Navy Pier (Chicago, IL)
Navy Pier: Worth the Stop, But Not the Whole Day
Navy Pier extends 1 km into Lake Michigan from the Streeterville neighbourhood on Chicago’s near north side. It opened in 1916 as a shipping and warehouse facility, served various wartime purposes, and was redeveloped as a public attraction in 1995. Today it is the most-visited attraction in the Midwest by attendance, which tells you something about its draw and also about its limitations.
The pier itself is free to enter. The commercial attractions on it are not.

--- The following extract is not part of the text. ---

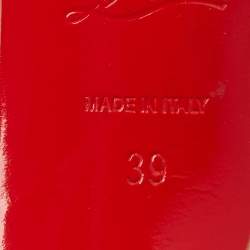 Pre Owned Christian Louboutin Beige Leather Iriza Pumps Size 39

What’s Actually Worth Doing
The Centennial Wheel, a 60-metre Ferris wheel installed in 2016, gives genuinely good views over Lake Michigan and the Chicago skyline. A gondola ride costs around $18 per person. On a clear day you can see the Willis Tower, the John Hancock Center, and the entire lakefront from Navy Pier north to Evanston. The view from the top looking west over the city with the lake behind you is the best free-ish vantage point on the north side.
The Chicago Children’s Museum is among the better children’s museums in the country for under-12s, with well-designed interactive exhibits. Costs around $17-20 per person; under-1s free. Worth the price on a rainy day with children.
The IMAX Theatre runs mainstream films and documentary presentations. Good for an evening, nothing distinctive.
The Crystal Gardens, an indoor tropical garden on the second floor, is free with pier admission and is a quieter spot to escape summer heat. Palms and ferns in a glass-covered atrium.
What to Skip
The shopping on Navy Pier is indistinguishable from any other mid-range American retail experience. Souvenir shops, candy stores, chain restaurants. None of it requires a visit to a specific pier.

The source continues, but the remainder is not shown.